While the BRICs, and emerging markets generally, display attractive traits that investors look for, such as strong economic growth, they also suffer from corruption, political instability and volatile stockmarkets. The 10-year returns are super but the three-year figures are less so, with the BRICs rising just 2%. But the volatility has not dissuaded UK investors, who ploughed nearly £2 billion into global emerging markets funds over the past year.

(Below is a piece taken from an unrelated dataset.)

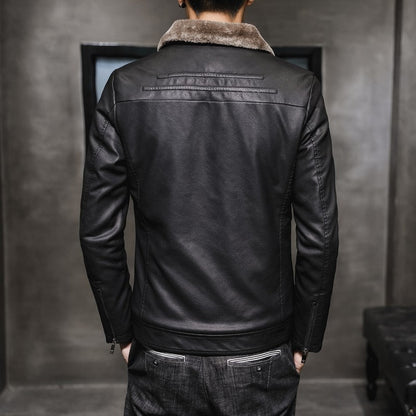 Diaz - Combat Leather Jacket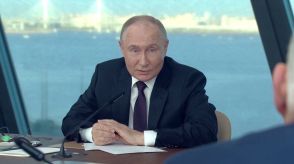 ロシアのプーチン大統領、主権主張の北方領土「訪問しない理由はない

China, which has already overtaken Japan to be the world's second-largest economy, hit the headlines recently following a slowdown in its economic growth, causing some investor concern. But emerging market investment veteran Mark Mobius of fund manager Franklin Templeton is confident emerging economies, driven by the BRIC countries, are set to enjoy further progress for many more years.

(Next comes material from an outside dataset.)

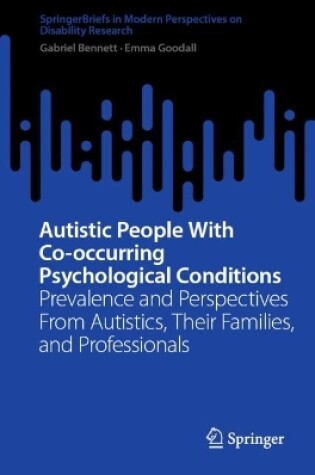 Cover of Autistic People With Co-occurring Psychological Conditions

The biggest economy in South America is on a spending spree, putting billions into shopping malls, roads and railways, in preparation for hosting the World Cup next year and the Olympics in 2016.

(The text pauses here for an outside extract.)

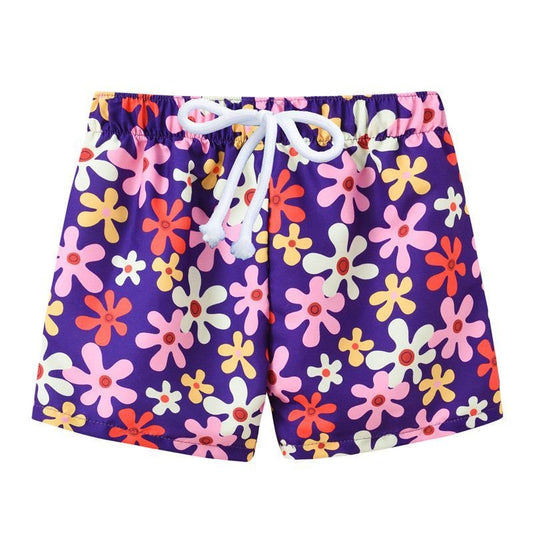 Kids' Cartoon Printed Swim Shorts - Cute Beach Pants for Ages 3 - 8 - Aqova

Inflation and low growth are a concern in the short term and its stockmarket is dominated by a couple of heavyweights; mining company Vale and energy giant Petrobras, so investor returns can be heavily influenced by the fortunes of just a few organisations.
But, over the long term, experts believe there is great potential, as it is home to an abundance of natural resources and a young, burgeoning middle class.
One of the world's leading oil, coal and natural gas producers, Russia is highly dependent on energy prices. As long as they remain strong, so should its economy. It also enjoys a compelling domestic consumption story, where its retail boom is believed to be still in its infancy but historically it has been beleaguered with corporate corruption issues.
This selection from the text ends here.